- Born: 9 January 1889 Cardiff, Wales
- Died: 16 March 1918 (aged 29) Oxford, England
- Buried: Penton Mewsey, Hampshire, England
- Allegiance: United Kingdom
- Branch: British Army
- Service years: 1914–1918
- Rank: Lieutenant
- Unit: 5th Cameronians (Scottish Rifles) No. 22 Squadron RFC No. 105 Squadron RFC
- Conflicts: World War I
- Awards: Military Cross

= Llewelyn Davies (aviator) =

British WWI flying ace

Lieutenant Llewelyn Crichton Davies (9 January 1889 – 16 March 1918) was a Welsh World War I flying ace credited with five aerial victories.

==Biography==
Llewellyn Crichton (or Crighton) Davies was born in Cardiff, the son of William Henry Davies, the editor of the Cardiff Figaro, and Hanna Crighton, from Forfar. He was educated at Cardiff and at Halifax, and became a chartered accountant.

On the outbreak of World War I, he was living in Pollokshields, Glasgow, and enlisted as a private in the 5th Battalion, Cameronians (Scottish Rifles) on 4 August 1914. On 7 March 1915 he was commissioned as a second lieutenant. Davies saw action with his regiment on the Western Front during the Battle of the Somme, and on 28 August 1916 he was awarded the Military Cross. His citation read:

Second Lieutenant Llewellyn Crighton Davies, Scottish Rifles.
For conspicuous gallantry in action. He handled his trench-mortars with great skill, and knocked out an enemy machine-gun that was holding up the advance. He also took charge of various parties that had lost their officers, and brought in single-handed a wounded man under heavy fire.

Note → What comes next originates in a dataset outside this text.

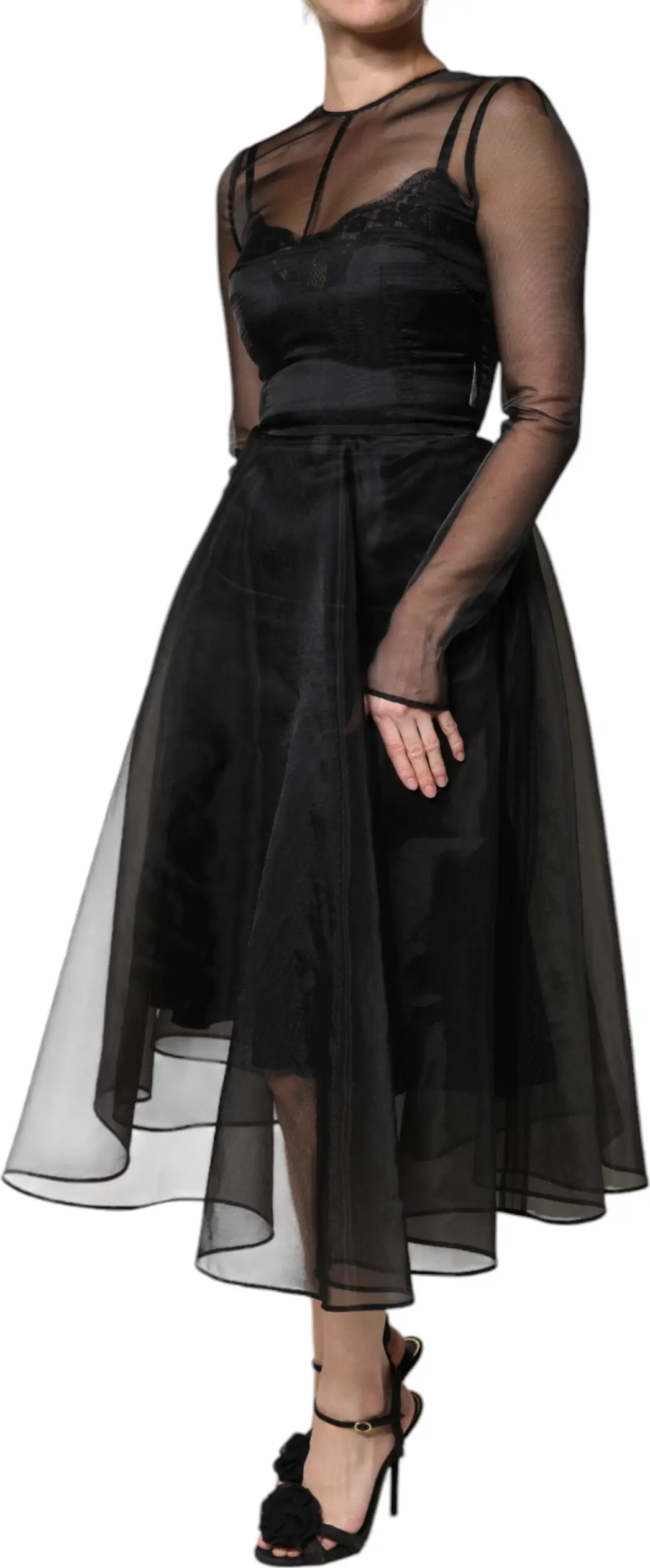 Black Tulle A-line Midi Cocktail Gown Dress Dolce & Gabbana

In February 1917 he was seconded to the Royal Flying Corps as a flying officer (observer), and served with No. 22 Squadron as an observer/gunner in the FE.2b reconnaissance aircraft. While flying with Captain Carleton Main Clement on morning formation patrol, he was credited with two Albatros D.III fighters destroyed on 6 and 8 April 1917, although they were shared with several others, including Gerald Gordon Bell. On 5 June, Davies and Clement destroyed an Albatros D.V and drove a second one down out of control. Davies was promoted to lieutenant on 1 July. On 29 July, having upgraded to a Bristol F.2 Fighter, Davies and Clement shot down another German aircraft, thought to be that of Kurt Schneider, Staffelführer of Jasta 5. Schneider later died of wounds received in this action.

In November 1917, Davies was reassigned to No. 105 Squadron. He was appointed a flying officer on 27 February 1918, but on 13 March, while based at the 54th Training Depot Station, he was fatally injured after crashing his Airco DH.4 (serial number B5495), and died three days later at the Somerville Section of the 3rd Southern General Hospital in Oxford.

Davies is buried at Holy Trinity Church, Penton Mewsey, Hampshire, England.